Under the Oregon Constitution, neither chamber can continue beyond three days after the other has passed its Sine Die Resolution without the other chamber having to return to the Capitol and gavel back in. That means the House must be resurrected and gavel in — if only by one member — by Friday and reconvene. Once that gavel strikes the maple, the Sine Die resolution is essentially dissolved and the House is once again alive.
The impact of this opens the door to all kinds of possibilities. The House could establish a quorum and open committees on all kinds of issues. Technically, they could pass bills over to the Senate.

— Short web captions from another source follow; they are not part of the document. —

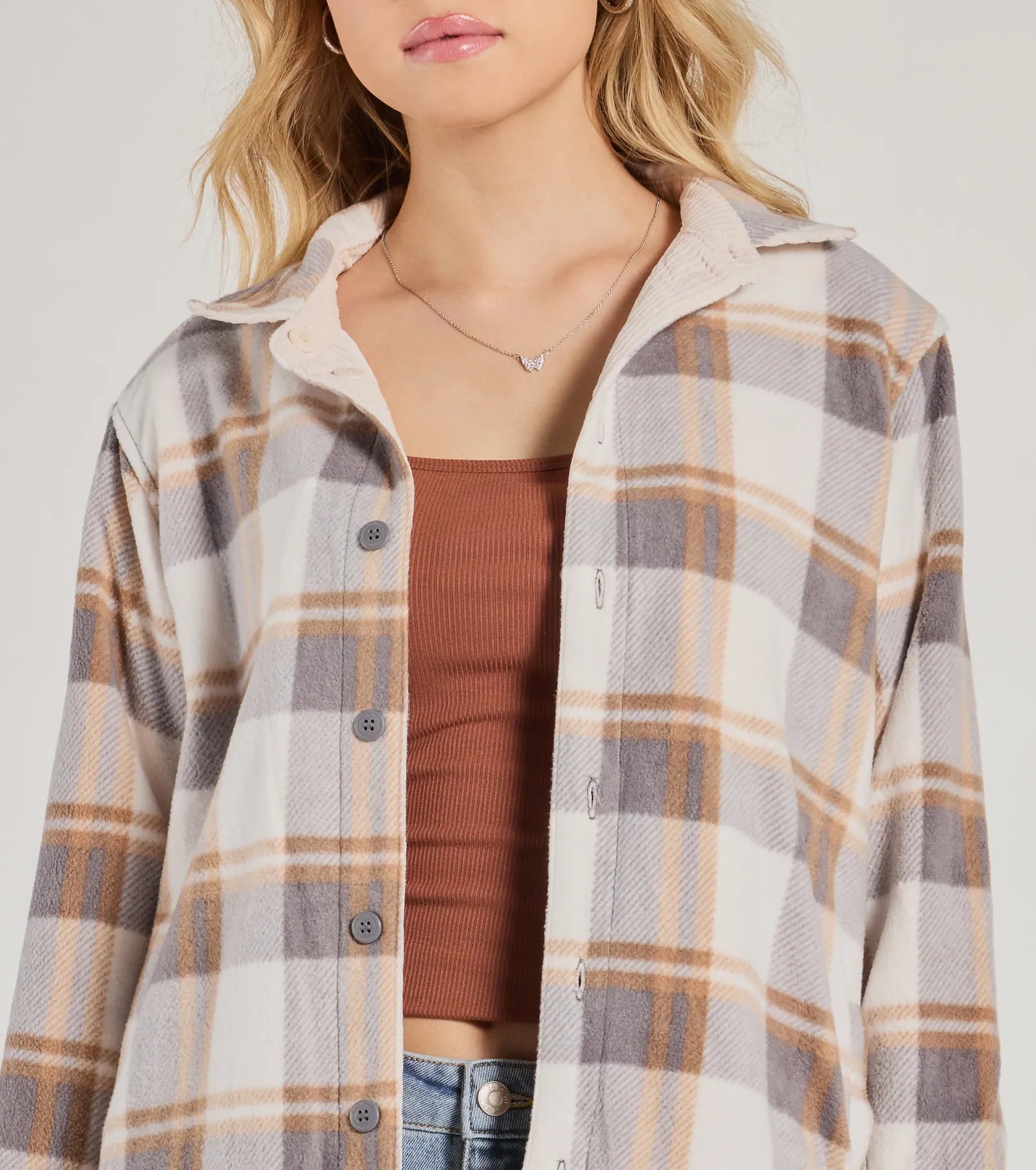 Ultimate Comfy Season Reversible Shacket - Flannel & Corduroy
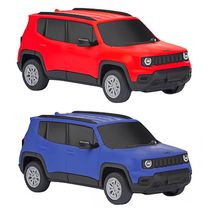 2 Carrinhos Realista Jeep Renegade Escala 1:30 na Caixa Presente Crianças + Chaveiro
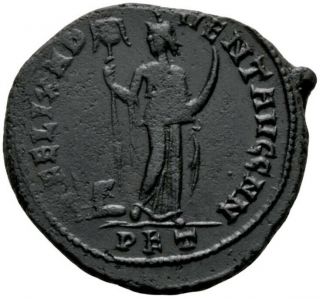 Constantius I (297 Ad) Rare Follis.  Africa Carthage Bf 2638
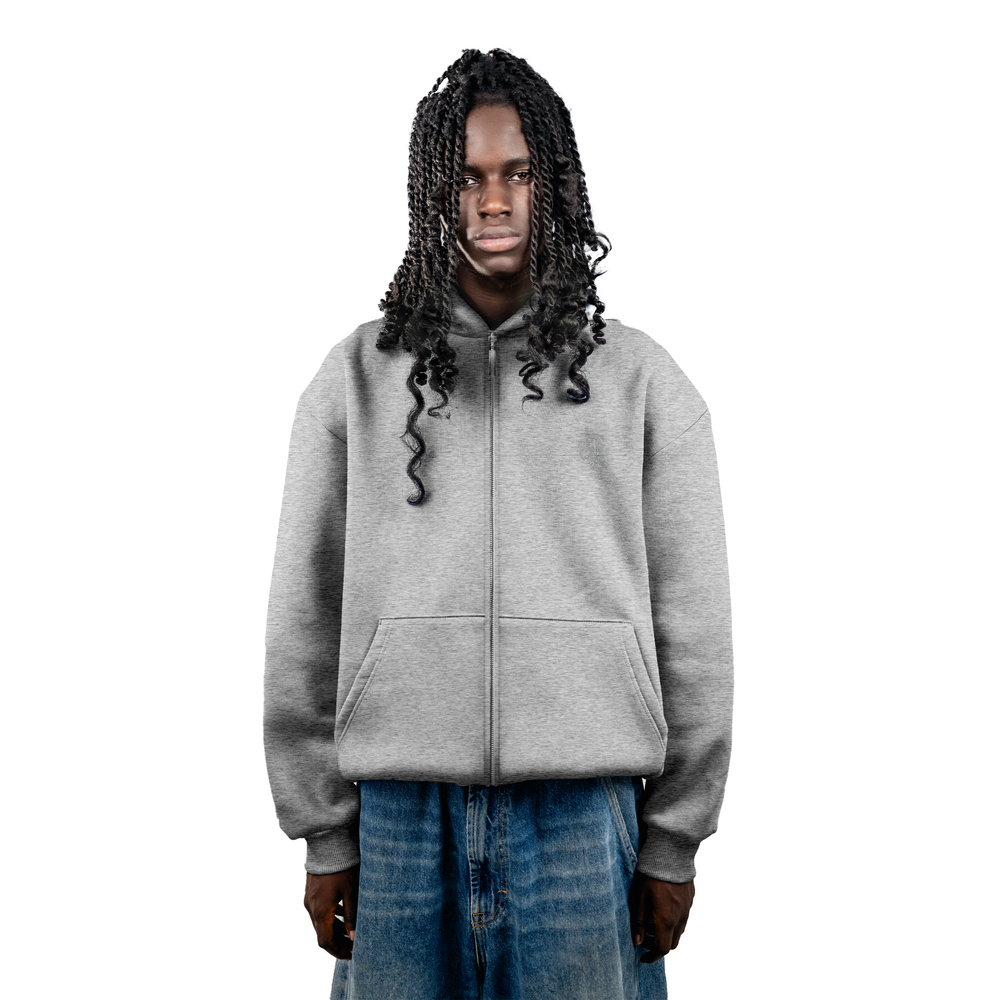 Zip Hoodie Grey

On the flip side, any one of the 12 Republican senators could become a Kingmaker. I have no doubt that if there were a Mae Yih or Betsy Johnson in the Republican Senate caucus, they would don the green shade visor, slide up to the poker table and say, “Let’s deal!” The market value for one vote has suddenly gone up.
Realistically there are few Republicans who might be able to pull that off as many have already publicly declared “I’m no way-no how” and they have cornered themselves out of such a negotiation. But some others? Anything is potentially possible now that the session gates have been blown wide open.

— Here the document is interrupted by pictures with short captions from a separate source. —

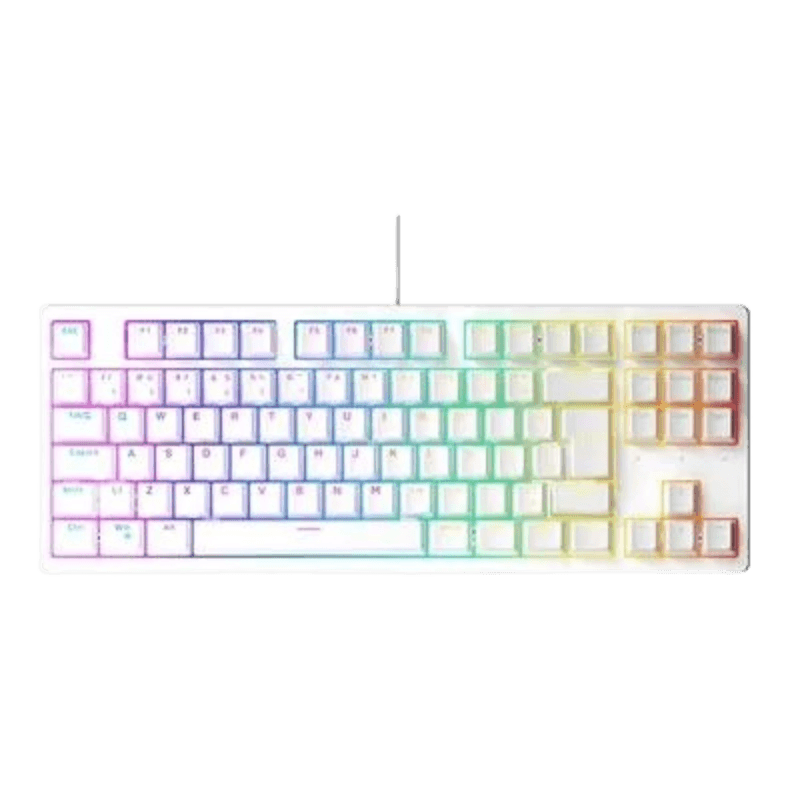 Teclado Mecânico Com Fio Husky Sled, TKL, Branco, ABNT2, RGB, Switch Gateron G Pro Red - HTG500BRVR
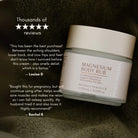 Pure Mama Magnesium Body Rub for women, 120ml, showing the soothing cream container designed for sleep support and muscle relaxation.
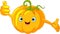 Pumpkin Character giving thumbs up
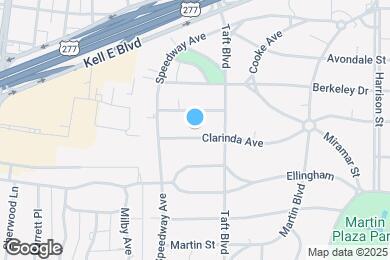 Map image of the property - 2410 Clarinda Ave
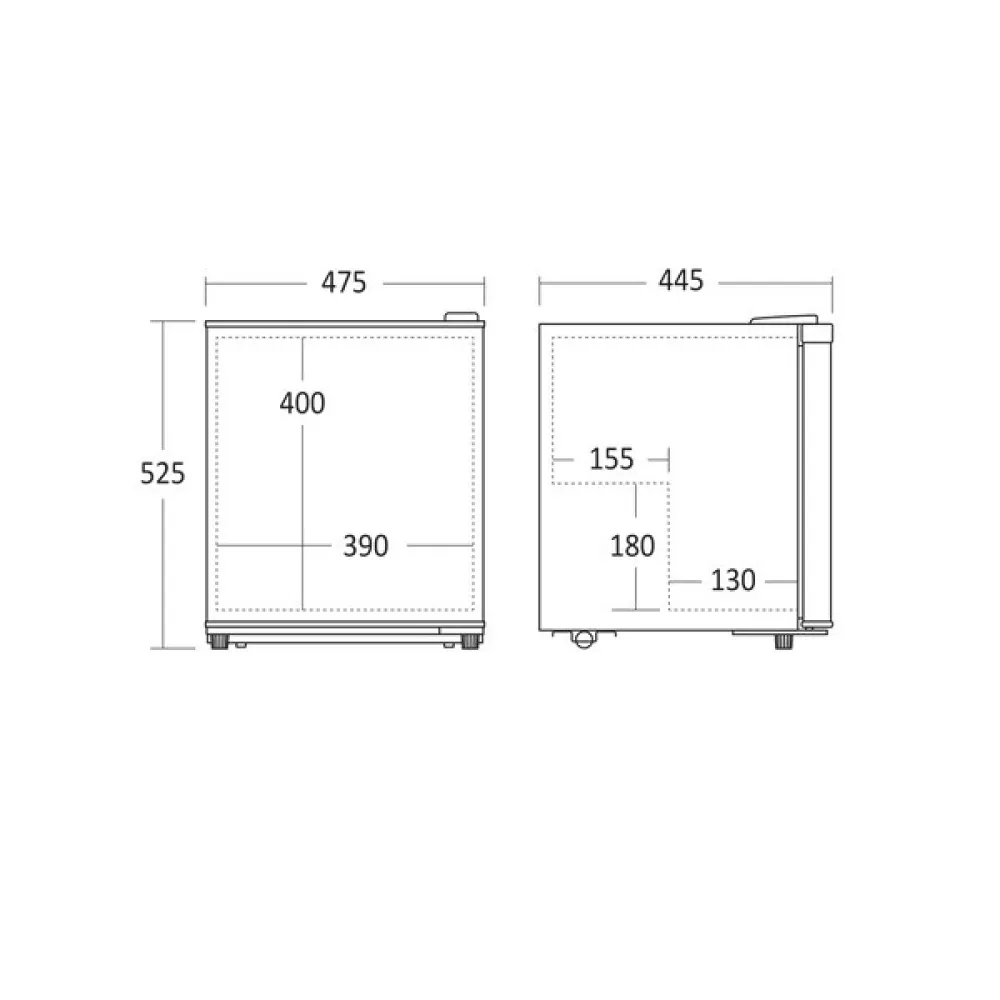 Réfrigérateur Scandomestic HOME 31013210000SKS56WE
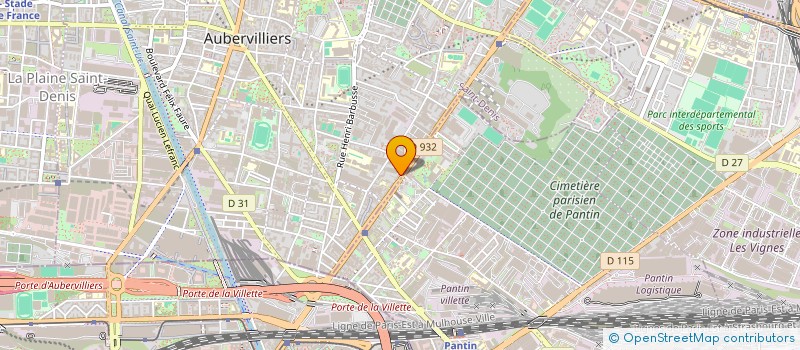localisation de l'entreprise SATRA à AUBERVILLIERS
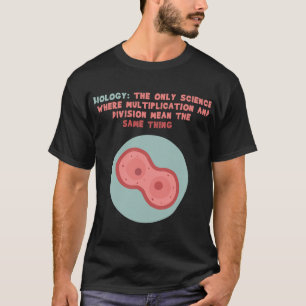 Camiseta División de Multiplicación Científica Sólo Biologí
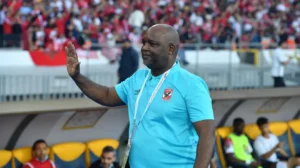 pitso mosimane at Al Ahly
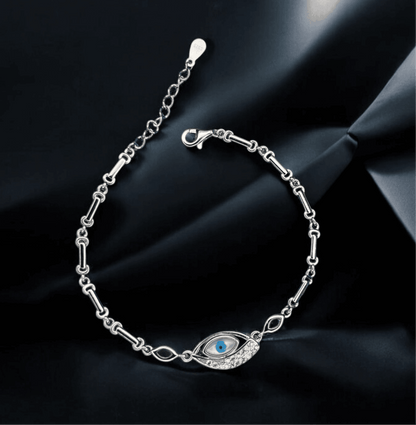 Evil Eye Charm 925 Silver Bracelet - Shineers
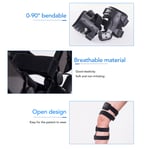 Knee Brace Adjustable Ergonomic Knee Support Orthosis Stabilizer For ACL MCL HEN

The Senate could, upon agreement of the President, open a special Senate committee, refer the House-passed bill to that committee, make the agreed-upon amendment, pass it, and send back to the House for concurrence. None of this was possible before the news of Gorsek’s illness. Or, Democrats can cross their fingers that there will be no more missteps in the next two weeks and wait it out. The track record of the past five days is not encouraging.

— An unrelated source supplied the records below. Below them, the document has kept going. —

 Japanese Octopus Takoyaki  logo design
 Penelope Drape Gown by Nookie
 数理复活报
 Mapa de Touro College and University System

The House tried five times to gavel in to start the session last Friday and didn’t have enough members to even get to the Pledge of Allegiance until the sun had already set. Republicans promised to supply four members to go along with the Democrats’ 36 to achieve quorum. But a handful of Democrats didn’t show up. If not for Republicans asking a few more members to show up that evening to put the session day out of its misery, who knows when the session would have started.
Senate Democrats did not have a full complement of their 18 members needed to pass the transportation plan on Friday either, and still don’t. At least the good news for all the members is they will have their per diem extended for at least the next two weeks helping the states’ personal wage index a little bit.
But wait, there’s more. The Legislature can’t turn to the Emergency Board for temporary funding for ODOT workers because the Emergency Board cannot meet when the Legislature is in session. They could reopen the Joint Committee on Ways & Means, but the money is in the Emergency Board and they can’t convene to give it back.
The one winner in all of this are political donors. They are given a much-needed reprieve from cries for cash. Legislators can’t receive contributions during session due to Capitol Club rules and since that has been extended to at least the third week of September, all wallets are safe. But it gets even better. Legislators can’t receive donations during the week of interim legislative committees either and that is scheduled the week after. It’s a cash-free September just as filing for the next election is set to open up next Tuesday. Emergency Sessions-the perfect campaign finance reform.
As we noted in our pre-session story last week, calling an Emergency Session without secured agreement and votes was a bold but risky move by the Governor. Can she afford to risk two weeks of uncertainty-perhaps even more-before making a move? To answer that question I suggest going back a few years and ask: What would a Speaker Kotek do?